Constraints on the presence or absence of post-perovskite in the lowermost mantle from long-period seismology

Abstract

In this study, the ability to detect post-perovskite is examined using three long-period seismology approaches; normal modes, arrival time variations, and seismic tomography. Although normal modes provide robust integral constraints on 1D velocity and density profiles of the Earth, their ability to resolve variations in shear velocity and density decreases near the core-mantle boundary (CMB). Therefore, it is possible for post-perovskite to exist globally within 200 km of the CMB without resolution by normal modes.
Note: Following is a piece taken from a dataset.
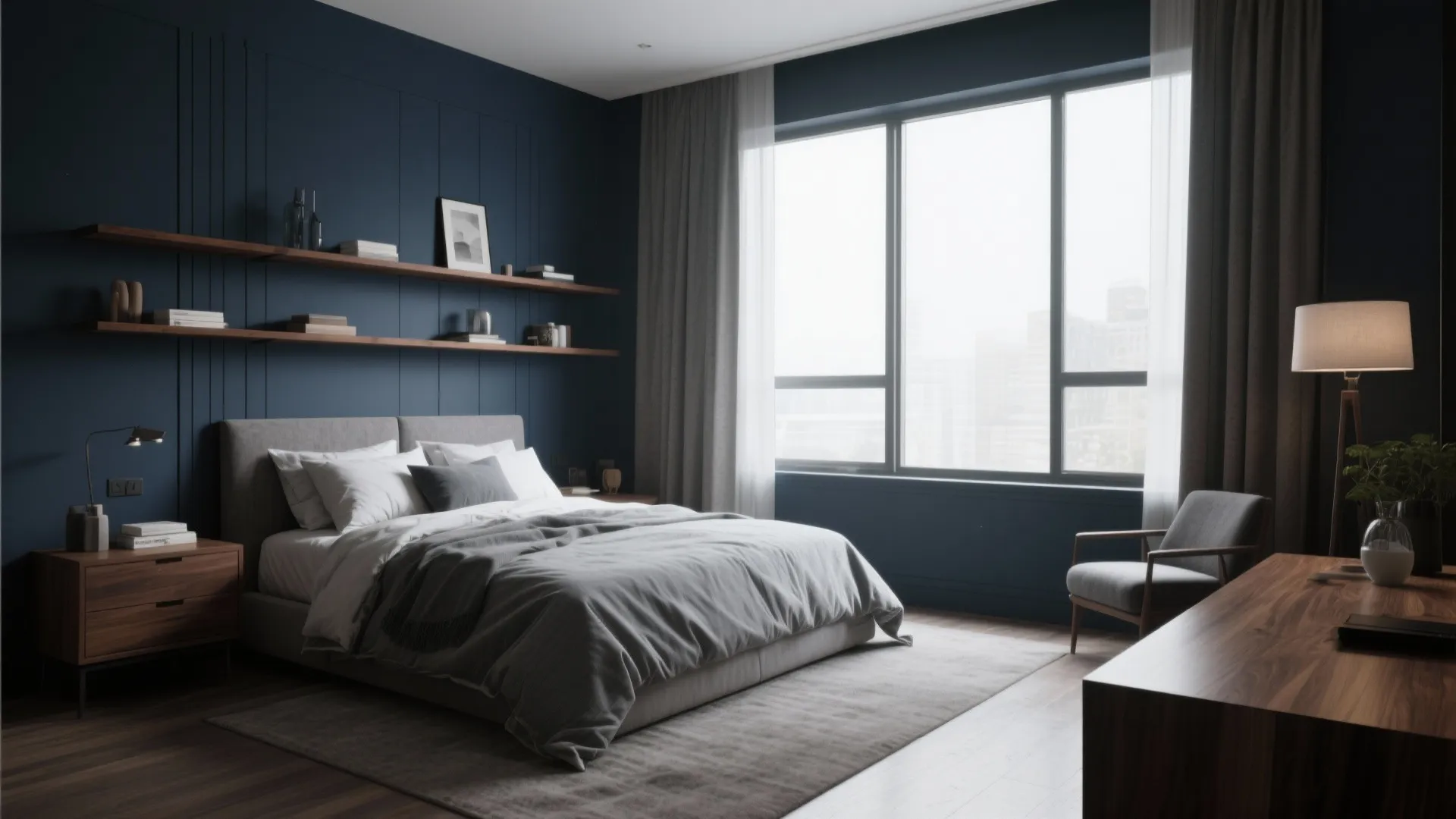 Modern bedroom with blue wall panels wooden shelves grey bed large window and floor lamp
Deep-turning long-period S wave arrival times are examined in regions of dense ray coverage and a shift representing an increase in velocity consistent with presence of post-perovskite is observed in localized areas approximately 100 km above the CMB. Therefore, post-perovskite is not a ubiquitous feature but may be locally stable within both tomographically slow and fast regions near the CMB. To globally determine if regions are cold or iron-enriched enough for post-perovskite to be stable, recent thermo-chemical models are applied to a suite of geotherms and phase transition depths. The results suggest that variations in iron content are too small to control the stability of post-perovskite. It is demonstrated that only a narrow range of temperatures and phase transition depths can allow post-perovskite to exist in anomalously fast (cold) regions in the lowermost mantle. Furthermore, if post-perovskite is a major constituent of fast regions, then the temperature at 2780 km depth ranges from 2400 K - 2700 K, and post-peorvskite does not explain the observed anti-correlation of shear velocity and bulk sound speed near the CMB.